* **What you are asked to do**:
Reproduce exactly, and only, the lines below from the one containing "01500312H ACS INLINE FUSEHLDR" through the one containing "Photo of property".

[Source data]
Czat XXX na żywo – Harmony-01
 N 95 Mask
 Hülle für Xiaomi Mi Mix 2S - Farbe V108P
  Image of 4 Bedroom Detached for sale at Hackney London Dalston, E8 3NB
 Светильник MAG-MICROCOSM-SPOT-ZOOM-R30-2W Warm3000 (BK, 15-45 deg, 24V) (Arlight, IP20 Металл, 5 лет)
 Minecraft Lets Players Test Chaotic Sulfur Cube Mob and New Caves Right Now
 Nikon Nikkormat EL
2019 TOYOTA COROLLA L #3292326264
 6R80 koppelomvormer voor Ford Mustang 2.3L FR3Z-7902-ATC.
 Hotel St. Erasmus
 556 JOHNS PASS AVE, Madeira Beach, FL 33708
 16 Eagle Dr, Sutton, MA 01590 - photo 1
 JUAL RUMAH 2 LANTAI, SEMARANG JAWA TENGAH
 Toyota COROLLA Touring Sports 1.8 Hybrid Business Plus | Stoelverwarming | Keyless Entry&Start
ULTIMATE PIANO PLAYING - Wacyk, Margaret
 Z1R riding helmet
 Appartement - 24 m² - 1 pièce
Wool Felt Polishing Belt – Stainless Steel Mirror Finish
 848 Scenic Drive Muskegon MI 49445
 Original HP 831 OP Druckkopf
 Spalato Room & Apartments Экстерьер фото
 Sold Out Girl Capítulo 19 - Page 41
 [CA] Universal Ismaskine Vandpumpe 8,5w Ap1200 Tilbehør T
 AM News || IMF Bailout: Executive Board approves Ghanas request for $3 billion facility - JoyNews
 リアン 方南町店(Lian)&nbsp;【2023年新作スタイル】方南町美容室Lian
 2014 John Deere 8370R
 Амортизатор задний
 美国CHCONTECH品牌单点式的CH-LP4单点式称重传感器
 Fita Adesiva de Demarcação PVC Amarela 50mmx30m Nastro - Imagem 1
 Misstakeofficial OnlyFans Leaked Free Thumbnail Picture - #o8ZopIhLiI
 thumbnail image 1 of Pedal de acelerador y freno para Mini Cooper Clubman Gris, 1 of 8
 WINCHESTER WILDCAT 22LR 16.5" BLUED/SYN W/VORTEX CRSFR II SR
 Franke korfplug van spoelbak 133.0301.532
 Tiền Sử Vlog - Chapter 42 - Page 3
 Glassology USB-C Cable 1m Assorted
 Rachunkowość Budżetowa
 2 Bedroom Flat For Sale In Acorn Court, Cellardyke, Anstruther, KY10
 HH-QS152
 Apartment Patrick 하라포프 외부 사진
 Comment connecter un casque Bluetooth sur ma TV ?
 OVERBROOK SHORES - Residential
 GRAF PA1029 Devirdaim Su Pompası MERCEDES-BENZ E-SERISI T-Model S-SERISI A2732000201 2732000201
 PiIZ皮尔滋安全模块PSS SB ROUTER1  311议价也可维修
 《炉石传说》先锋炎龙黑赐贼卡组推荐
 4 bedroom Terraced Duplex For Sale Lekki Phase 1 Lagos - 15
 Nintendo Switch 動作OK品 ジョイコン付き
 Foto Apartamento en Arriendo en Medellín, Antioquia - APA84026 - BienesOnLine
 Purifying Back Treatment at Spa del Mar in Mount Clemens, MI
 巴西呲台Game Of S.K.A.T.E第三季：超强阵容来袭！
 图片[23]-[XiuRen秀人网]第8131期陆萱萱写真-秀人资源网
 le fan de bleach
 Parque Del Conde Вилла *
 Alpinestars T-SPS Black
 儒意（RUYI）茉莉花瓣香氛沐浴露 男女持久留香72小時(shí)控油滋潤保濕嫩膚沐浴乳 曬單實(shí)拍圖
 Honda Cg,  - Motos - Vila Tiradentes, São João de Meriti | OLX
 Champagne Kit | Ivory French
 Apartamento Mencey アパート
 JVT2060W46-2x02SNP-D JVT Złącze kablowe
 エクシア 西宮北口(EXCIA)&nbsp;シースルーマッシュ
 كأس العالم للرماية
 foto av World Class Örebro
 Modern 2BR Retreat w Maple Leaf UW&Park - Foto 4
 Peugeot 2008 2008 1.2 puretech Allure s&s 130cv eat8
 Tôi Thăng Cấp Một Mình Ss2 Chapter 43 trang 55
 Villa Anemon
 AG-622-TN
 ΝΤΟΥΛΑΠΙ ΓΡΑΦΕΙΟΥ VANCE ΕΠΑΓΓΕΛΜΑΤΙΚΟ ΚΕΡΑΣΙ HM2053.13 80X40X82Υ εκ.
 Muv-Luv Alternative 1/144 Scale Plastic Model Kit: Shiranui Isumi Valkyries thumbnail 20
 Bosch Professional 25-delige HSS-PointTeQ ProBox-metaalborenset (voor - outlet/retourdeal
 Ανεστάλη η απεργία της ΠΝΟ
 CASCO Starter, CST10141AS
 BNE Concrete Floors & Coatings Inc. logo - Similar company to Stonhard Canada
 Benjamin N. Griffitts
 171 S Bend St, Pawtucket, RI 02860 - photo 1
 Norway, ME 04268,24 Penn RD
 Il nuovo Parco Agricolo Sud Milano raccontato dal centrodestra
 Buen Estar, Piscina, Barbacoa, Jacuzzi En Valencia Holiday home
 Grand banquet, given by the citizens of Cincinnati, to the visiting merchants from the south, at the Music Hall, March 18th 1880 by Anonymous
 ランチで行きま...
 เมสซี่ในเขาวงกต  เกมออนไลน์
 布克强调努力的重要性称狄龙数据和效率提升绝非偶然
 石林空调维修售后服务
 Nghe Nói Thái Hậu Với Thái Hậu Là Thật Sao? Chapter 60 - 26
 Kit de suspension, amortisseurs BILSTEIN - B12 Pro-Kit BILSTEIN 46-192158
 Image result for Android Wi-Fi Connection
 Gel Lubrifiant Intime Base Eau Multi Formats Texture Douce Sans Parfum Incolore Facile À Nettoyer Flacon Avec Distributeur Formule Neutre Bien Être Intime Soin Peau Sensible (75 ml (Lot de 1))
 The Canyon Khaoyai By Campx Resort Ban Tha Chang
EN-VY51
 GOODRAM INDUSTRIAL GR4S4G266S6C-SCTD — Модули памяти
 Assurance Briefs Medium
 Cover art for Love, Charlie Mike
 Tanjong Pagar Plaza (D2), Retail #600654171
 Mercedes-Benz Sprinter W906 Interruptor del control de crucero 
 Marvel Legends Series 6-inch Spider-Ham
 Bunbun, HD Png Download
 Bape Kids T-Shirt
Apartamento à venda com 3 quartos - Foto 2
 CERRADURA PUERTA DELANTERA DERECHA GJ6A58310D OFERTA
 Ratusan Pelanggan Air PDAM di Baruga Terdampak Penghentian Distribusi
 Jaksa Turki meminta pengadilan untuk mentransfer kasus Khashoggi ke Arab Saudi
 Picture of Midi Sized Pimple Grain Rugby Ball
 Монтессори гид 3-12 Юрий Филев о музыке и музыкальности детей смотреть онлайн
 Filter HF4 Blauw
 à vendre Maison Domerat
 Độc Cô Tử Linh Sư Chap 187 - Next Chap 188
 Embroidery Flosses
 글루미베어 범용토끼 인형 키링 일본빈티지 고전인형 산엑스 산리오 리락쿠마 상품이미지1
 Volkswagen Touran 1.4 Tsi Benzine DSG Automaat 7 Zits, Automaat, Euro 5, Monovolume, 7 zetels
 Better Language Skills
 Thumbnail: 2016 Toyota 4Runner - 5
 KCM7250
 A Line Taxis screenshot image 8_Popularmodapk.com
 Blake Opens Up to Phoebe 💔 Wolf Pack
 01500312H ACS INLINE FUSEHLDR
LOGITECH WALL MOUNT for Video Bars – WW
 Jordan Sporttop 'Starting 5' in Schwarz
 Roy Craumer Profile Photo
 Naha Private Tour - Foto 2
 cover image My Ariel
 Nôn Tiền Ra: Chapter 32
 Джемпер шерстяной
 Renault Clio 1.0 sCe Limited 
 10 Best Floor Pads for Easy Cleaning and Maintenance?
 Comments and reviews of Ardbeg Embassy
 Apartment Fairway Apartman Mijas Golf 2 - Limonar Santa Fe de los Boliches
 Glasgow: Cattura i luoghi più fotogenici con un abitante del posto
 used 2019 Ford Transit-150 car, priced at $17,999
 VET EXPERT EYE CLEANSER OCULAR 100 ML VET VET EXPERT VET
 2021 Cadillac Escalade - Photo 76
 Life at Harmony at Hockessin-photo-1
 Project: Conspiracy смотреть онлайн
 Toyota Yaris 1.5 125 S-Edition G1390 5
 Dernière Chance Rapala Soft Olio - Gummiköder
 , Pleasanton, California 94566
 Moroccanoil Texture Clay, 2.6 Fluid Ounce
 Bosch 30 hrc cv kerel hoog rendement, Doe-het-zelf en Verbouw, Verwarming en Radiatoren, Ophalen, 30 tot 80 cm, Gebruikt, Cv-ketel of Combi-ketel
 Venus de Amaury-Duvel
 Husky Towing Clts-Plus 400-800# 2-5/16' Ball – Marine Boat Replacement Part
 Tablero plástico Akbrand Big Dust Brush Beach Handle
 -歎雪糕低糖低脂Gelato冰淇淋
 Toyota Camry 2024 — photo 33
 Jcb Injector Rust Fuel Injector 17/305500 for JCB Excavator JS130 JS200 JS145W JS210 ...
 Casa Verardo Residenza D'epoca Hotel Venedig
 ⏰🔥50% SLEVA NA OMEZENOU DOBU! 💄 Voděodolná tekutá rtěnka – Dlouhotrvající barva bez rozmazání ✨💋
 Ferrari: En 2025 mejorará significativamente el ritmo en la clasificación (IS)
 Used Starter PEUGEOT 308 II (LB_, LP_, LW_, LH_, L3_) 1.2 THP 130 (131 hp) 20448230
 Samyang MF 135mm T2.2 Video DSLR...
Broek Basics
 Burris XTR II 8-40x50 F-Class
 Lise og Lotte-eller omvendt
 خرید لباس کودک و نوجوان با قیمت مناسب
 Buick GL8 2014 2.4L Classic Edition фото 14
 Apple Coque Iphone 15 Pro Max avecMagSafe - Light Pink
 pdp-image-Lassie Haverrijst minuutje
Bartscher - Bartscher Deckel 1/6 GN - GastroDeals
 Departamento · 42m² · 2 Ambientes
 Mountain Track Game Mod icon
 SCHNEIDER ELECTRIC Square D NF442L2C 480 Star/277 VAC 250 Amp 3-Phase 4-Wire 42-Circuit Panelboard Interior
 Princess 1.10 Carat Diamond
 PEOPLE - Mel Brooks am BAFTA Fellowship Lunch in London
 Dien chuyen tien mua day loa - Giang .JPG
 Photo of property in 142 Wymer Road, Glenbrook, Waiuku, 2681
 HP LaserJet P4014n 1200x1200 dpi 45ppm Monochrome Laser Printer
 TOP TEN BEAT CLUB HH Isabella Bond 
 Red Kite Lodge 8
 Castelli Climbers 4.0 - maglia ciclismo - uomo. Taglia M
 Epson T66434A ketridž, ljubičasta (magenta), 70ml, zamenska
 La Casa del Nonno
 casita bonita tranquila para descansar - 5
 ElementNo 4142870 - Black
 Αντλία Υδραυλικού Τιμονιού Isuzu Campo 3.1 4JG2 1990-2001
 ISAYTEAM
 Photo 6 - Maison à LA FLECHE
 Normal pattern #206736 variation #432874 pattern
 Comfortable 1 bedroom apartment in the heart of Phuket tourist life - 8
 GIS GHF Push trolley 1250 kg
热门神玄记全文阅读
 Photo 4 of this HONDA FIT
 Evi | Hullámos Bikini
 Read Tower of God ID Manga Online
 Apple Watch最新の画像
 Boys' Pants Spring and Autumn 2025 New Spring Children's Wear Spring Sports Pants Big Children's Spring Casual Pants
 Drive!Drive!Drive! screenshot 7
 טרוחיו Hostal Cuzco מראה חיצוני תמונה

* **Solution below**:
 01500312H ACS INLINE FUSEHLDR
LOGITECH WALL MOUNT for Video Bars – WW
 Jordan Sporttop 'Starting 5' in Schwarz
 Roy Craumer Profile Photo
 Naha Private Tour - Foto 2
 cover image My Ariel
 Nôn Tiền Ra: Chapter 32
 Джемпер шерстяной
 Renault Clio 1.0 sCe Limited 
 10 Best Floor Pads for Easy Cleaning and Maintenance?
 Comments and reviews of Ardbeg Embassy
 Apartment Fairway Apartman Mijas Golf 2 - Limonar Santa Fe de los Boliches
 Glasgow: Cattura i luoghi più fotogenici con un abitante del posto
 used 2019 Ford Transit-150 car, priced at $17,999
 VET EXPERT EYE CLEANSER OCULAR 100 ML VET VET EXPERT VET
 2021 Cadillac Escalade - Photo 76
 Life at Harmony at Hockessin-photo-1
 Project: Conspiracy смотреть онлайн
 Toyota Yaris 1.5 125 S-Edition G1390 5
 Dernière Chance Rapala Soft Olio - Gummiköder
 , Pleasanton, California 94566
 Moroccanoil Texture Clay, 2.6 Fluid Ounce
 Bosch 30 hrc cv kerel hoog rendement, Doe-het-zelf en Verbouw, Verwarming en Radiatoren, Ophalen, 30 tot 80 cm, Gebruikt, Cv-ketel of Combi-ketel
 Venus de Amaury-Duvel
 Husky Towing Clts-Plus 400-800# 2-5/16' Ball – Marine Boat Replacement Part
 Tablero plástico Akbrand Big Dust Brush Beach Handle
 -歎雪糕低糖低脂Gelato冰淇淋
 Toyota Camry 2024 — photo 33
 Jcb Injector Rust Fuel Injector 17/305500 for JCB Excavator JS130 JS200 JS145W JS210 ...
 Casa Verardo Residenza D'epoca Hotel Venedig
 ⏰🔥50% SLEVA NA OMEZENOU DOBU! 💄 Voděodolná tekutá rtěnka – Dlouhotrvající barva bez rozmazání ✨💋
 Ferrari: En 2025 mejorará significativamente el ritmo en la clasificación (IS)
 Used Starter PEUGEOT 308 II (LB_, LP_, LW_, LH_, L3_) 1.2 THP 130 (131 hp) 20448230
 Samyang MF 135mm T2.2 Video DSLR...
Broek Basics
 Burris XTR II 8-40x50 F-Class
 Lise og Lotte-eller omvendt
 خرید لباس کودک و نوجوان با قیمت مناسب
 Buick GL8 2014 2.4L Classic Edition фото 14
 Apple Coque Iphone 15 Pro Max avecMagSafe - Light Pink
 pdp-image-Lassie Haverrijst minuutje
Bartscher - Bartscher Deckel 1/6 GN - GastroDeals
 Departamento · 42m² · 2 Ambientes
 Mountain Track Game Mod icon
 SCHNEIDER ELECTRIC Square D NF442L2C 480 Star/277 VAC 250 Amp 3-Phase 4-Wire 42-Circuit Panelboard Interior
 Princess 1.10 Carat Diamond
 PEOPLE - Mel Brooks am BAFTA Fellowship Lunch in London
 Dien chuyen tien mua day loa - Giang .JPG
 Photo of property in 142 Wymer Road, Glenbrook, Waiuku, 2681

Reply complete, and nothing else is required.